◆ SUPPLIED MATERIAL:
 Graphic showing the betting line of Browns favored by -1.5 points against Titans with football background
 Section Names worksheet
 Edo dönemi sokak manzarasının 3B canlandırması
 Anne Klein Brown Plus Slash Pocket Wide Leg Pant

◆ PROBLEM REQUIREMENTS:
The data above needs retyping. Reproduce each line exactly.

◆ ANSWER TO THE EXERCISE:
 Graphic showing the betting line of Browns favored by -1.5 points against Titans with football background
 Section Names worksheet
 Edo dönemi sokak manzarasının 3B canlandırması
 Anne Klein Brown Plus Slash Pocket Wide Leg Pant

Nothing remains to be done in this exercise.